Lieber Asus-Support,

seit einigen Jahren erfreue ich mich an genannter Soundkarte, die ihren Dienst nach wie vor zur vollsten Zufriedenheit erfüllt. Da ich im Sommer auf Windows 10 zu wechseln gedenke, möchte ich bereits vorab erfragen, ob für die Xonar Essence ST noch ein Treiber + Software für Windows 10 geplant ist? Ich frage deshalb, weil der 8.1 Treiber nie übers Beta-Stadium hinausgekommen ist und daher fürchte, dass der Support für dieses schöne Stück Technik bereits eingestellt worden sein könnte.

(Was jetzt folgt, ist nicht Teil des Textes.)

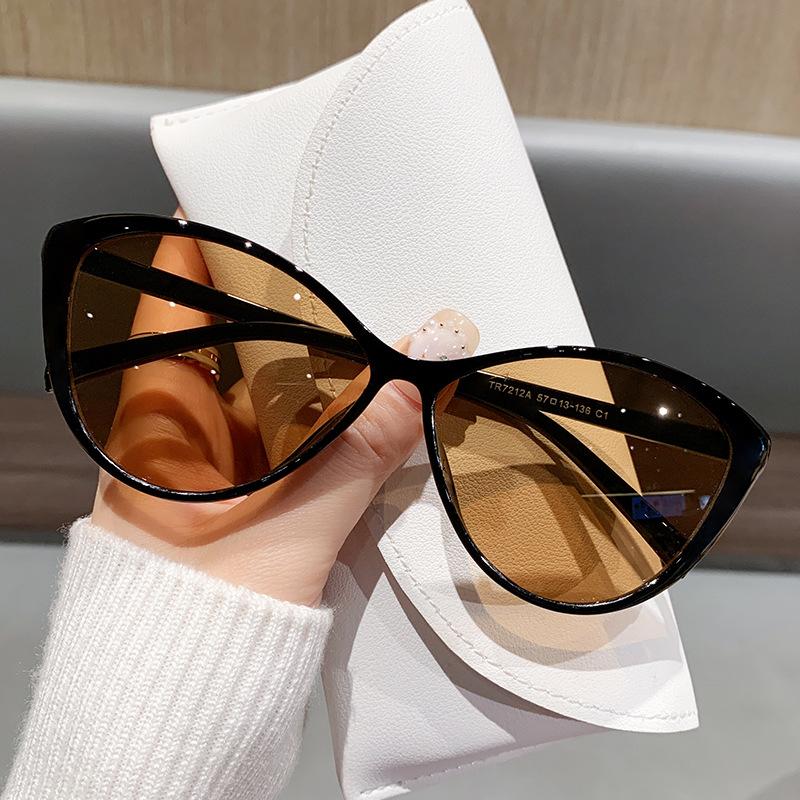 1PC Unisex Simple Anti-Wind Solid Color Cat Eye Frame Fashion Glasses Suitable for Daily Commuting And All Face Types
1PC Unisex Simple Anti-Wind Solid Color Cat Eye Frame Fashion Glasses Suitable for Daily Commuting And All Face Types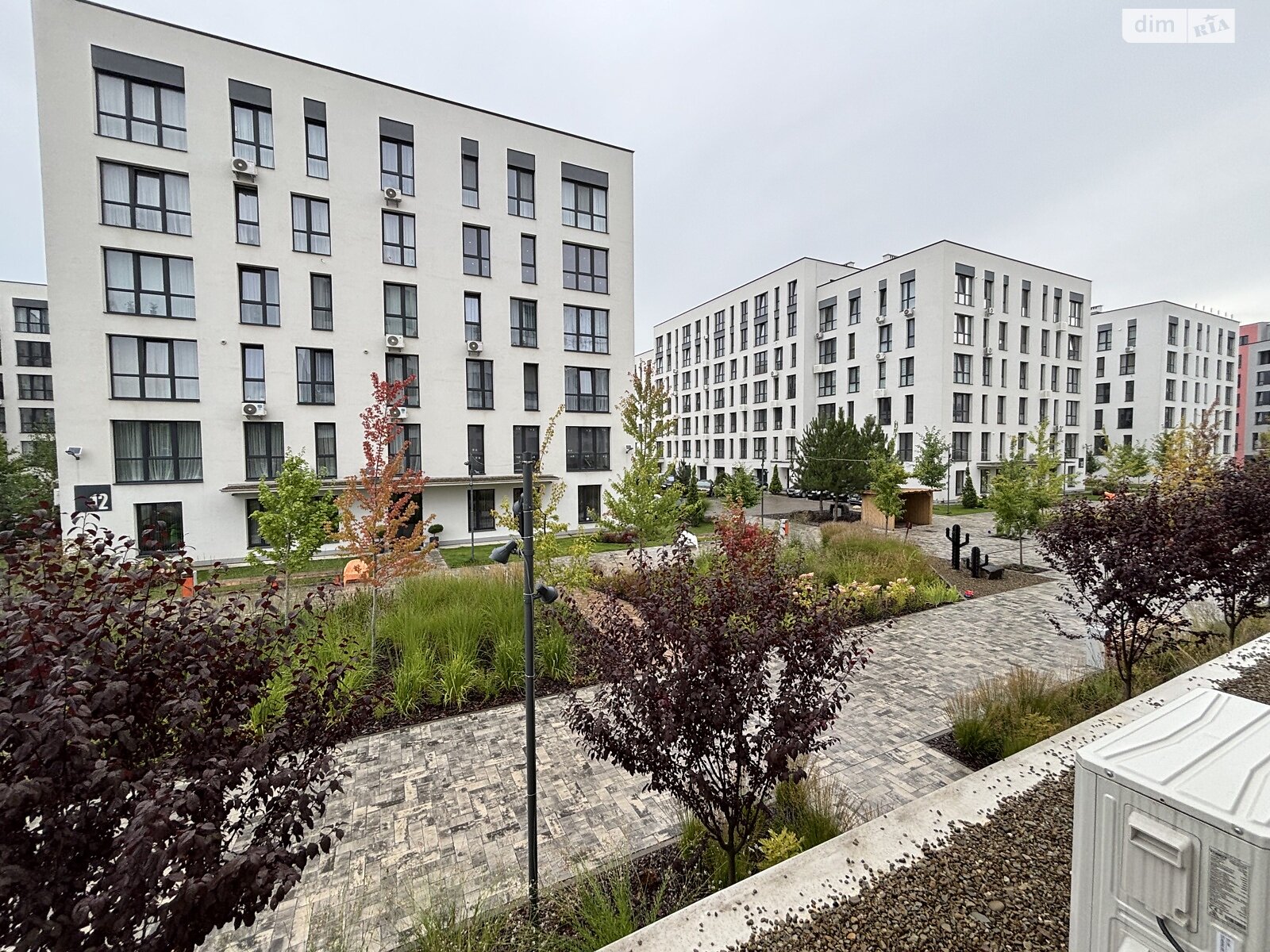 Продаж трикімнатної квартири в Минаї, на вул. Августина Волошина 24, кв. 210, фото 1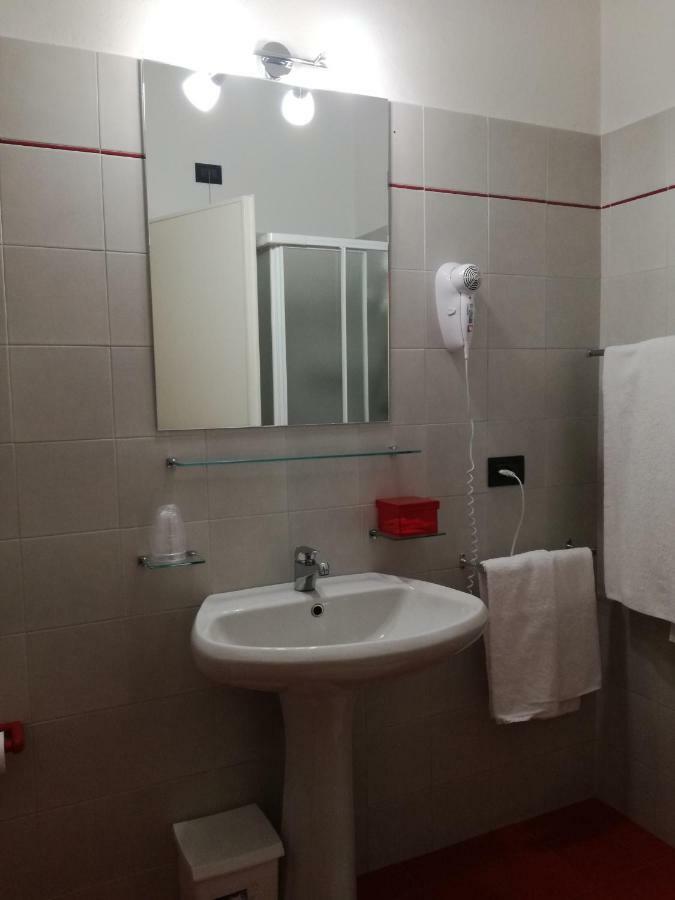 Bellerive Ristorante Albergo Manerba del Garda Kültér fotó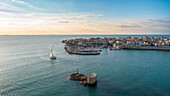 Luftaufnahme des alten mittelalterlichen Hafens und der Lagune in Akko, Nordbezirk, Israel.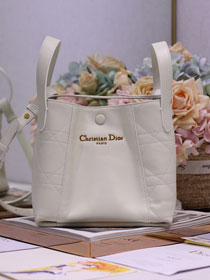Dior original calfskin small signature bucket bag M2840 off-white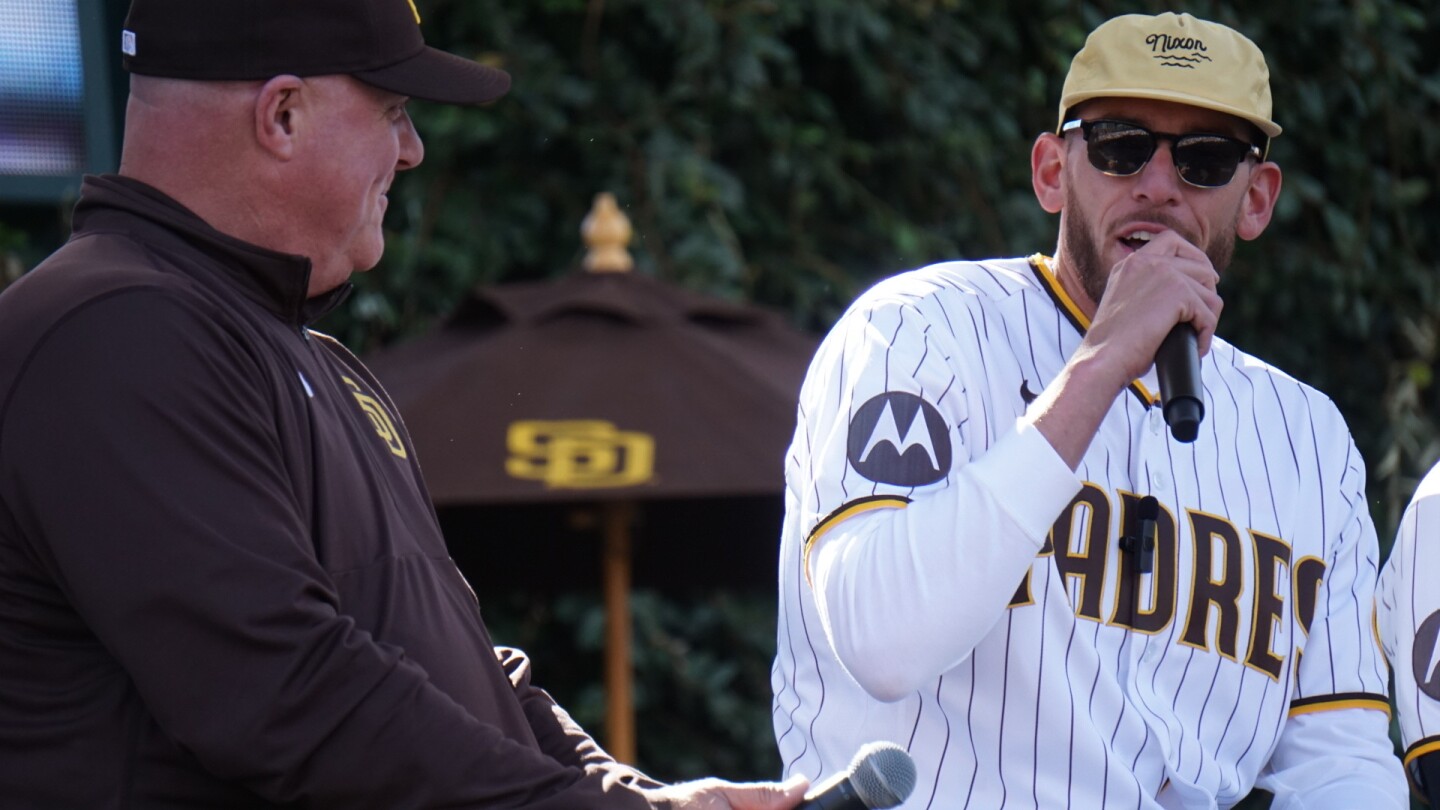 In photos: Padres welcome the 'Friar Faithful' to 2023 Fanfest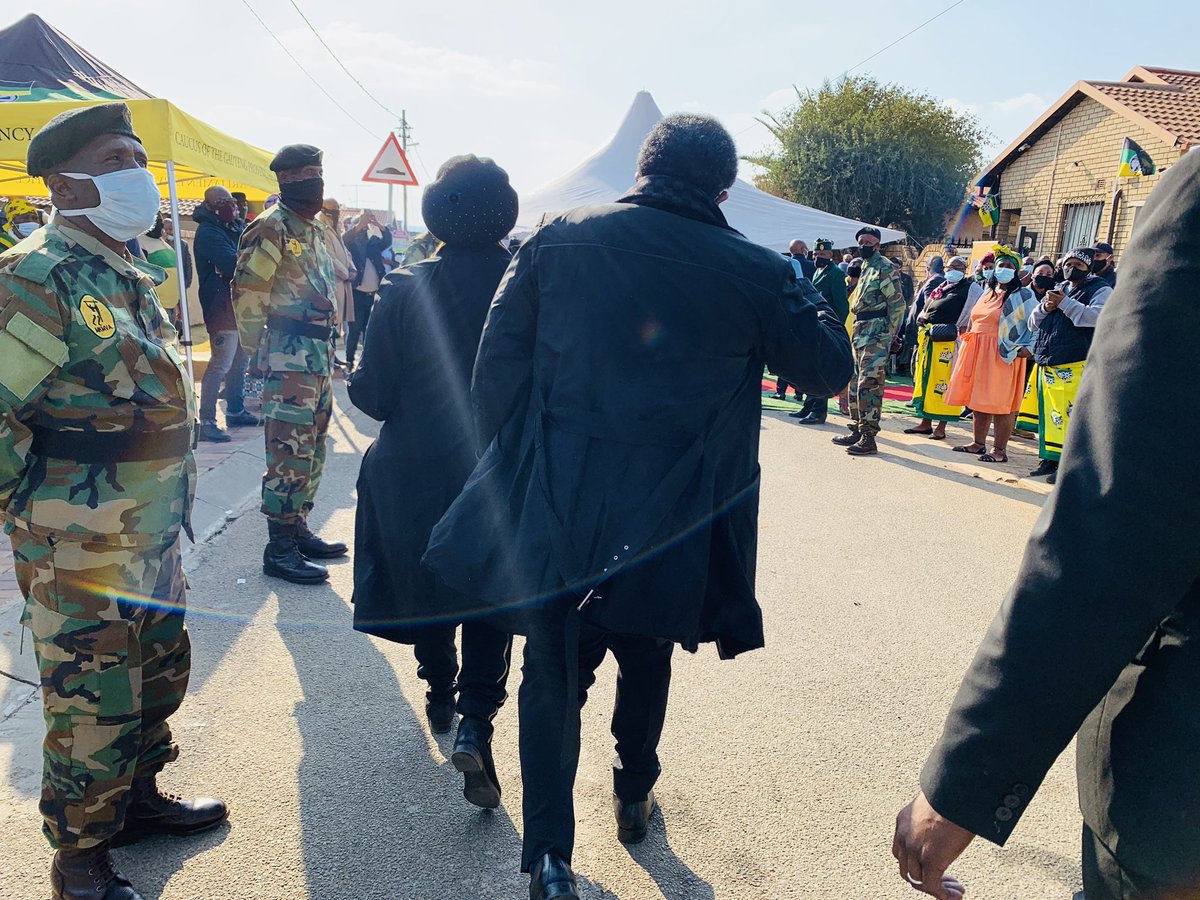 MbalulaFikile's tweet photo. Led by the TG, Cde Paul Mashatile today, we join the Mlangeni family as they welcome home the body of Isithwalandwe/Seaparankwe Ntate Andrew Mlangeni. https://t.co/efswdOc9FY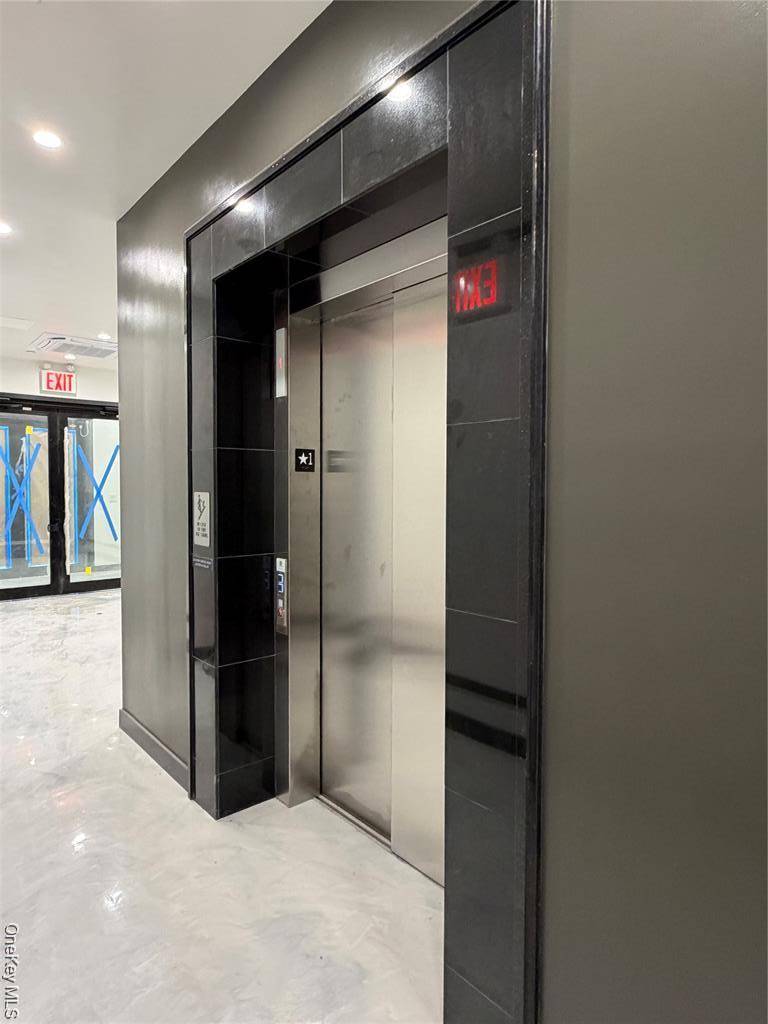 Long Island City, NY 11101,4009 29th ST #2B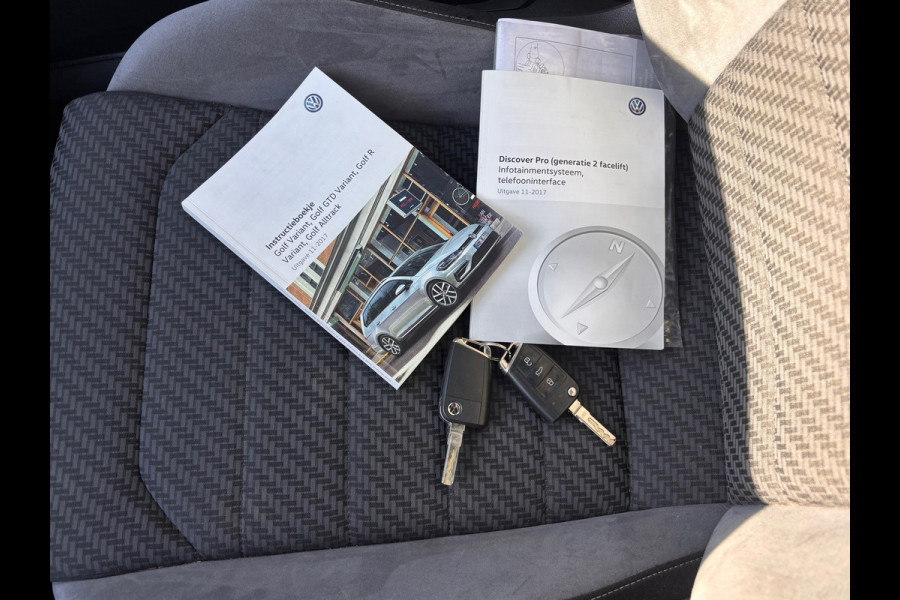 Volkswagen Golf Variant 1.5 TSI Highline Business R | DSG + Cruise + Pano |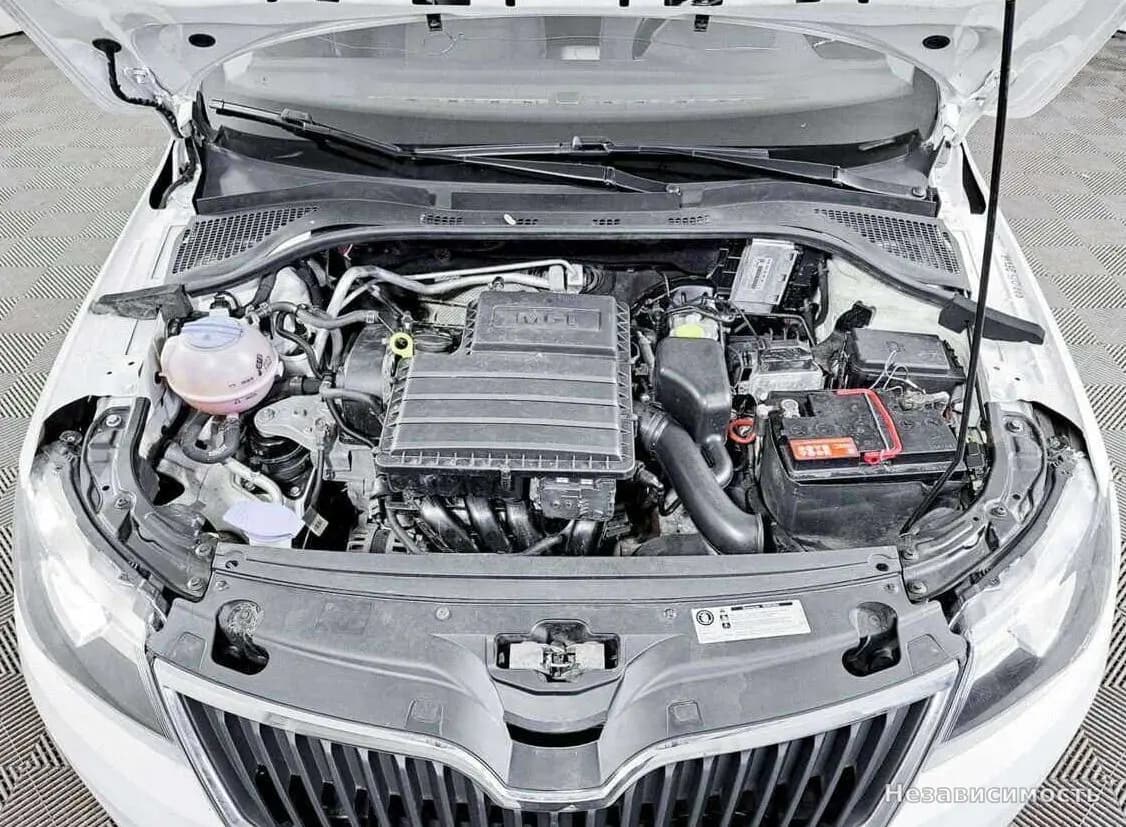 Skoda Rapid 2017 с пробегом — фото 9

Vielen Dank für eine Antwort im Voraus!

Mit den besten Grüßen,
beren2707


----------



## oldsql.Triso (19. März 2015)

*AW: Windows 10 Treiber für Xonar Essence ST?*

Da wird dir nur, wenn man diesen Beta-Treiber nicht mag, der Uni Xonar Treiber und AndreaMod übrig bleiben. Das ist eine richtige gute Kombination. Funktionieren tun diese bei mir 1a (Essence STX 1). Finde es schade dass dieser offizielle "Treiber" da nicht mithalten kann.
Und da die regelmäßig Updates bringen, wird es sicherlich nicht lange dauern, dass auf W10 zum Laufen zu kriegen.


----------



## beren2707 (19. März 2015)

*AW: Windows 10 Treiber für Xonar Essence ST?*

Danke für den Tipp ; die UNi Xonar Treiber behalte ich im Auge, falls es von offizieller Seite keinen Treiber mehr geben sollte.


----------



## Doktor[ASUS] (19. März 2015)

*AW: Windows 10 Treiber für Xonar Essence ST?*

Hallo beren,
dazu habe ich bislang noch keine Informationen vorliegen. Ich vermute aber mal das wir Windows 10 Treiber anbieten werden. Genaues kann ich zum jetzigen Zeitpunkt noch nicht sagen. 

Gruß
Doktor


----------



## oldsql.Triso (19. März 2015)

*AW: Windows 10 Treiber für Xonar Essence ST?*

Kommen dann wieder voll umfängliche und stabile Treiber? Ich hatte gelegentlich Probleme mit den Treibern für die Essence STX 1.


----------



## BlauX (3. Juli 2015)

*AW: Windows 10 Treiber für Xonar Essence ST?*



Doktor[ASUS] schrieb:


> Hallo beren,
> dazu habe ich bislang noch keine Informationen vorliegen. Ich vermute aber mal das wir Windows 10 Treiber anbieten werden. Genaues kann ich zum jetzigen Zeitpunkt noch nicht sagen.
> 
> Gruß
> Doktor



Für eure Essence Klasse hoffe ich doch schon, wär sonst arg schade.
Gib es dazu schon was neues? Sind ja schon einige Zeit vergangen, und Win 10 rückt immer näher.


Edit: 

Hab eben noch folgendes in Erfahrung bringen können, für jene die es gern wissen oder danach googlen wollen ( der Thread steht zumindest weit oben ) 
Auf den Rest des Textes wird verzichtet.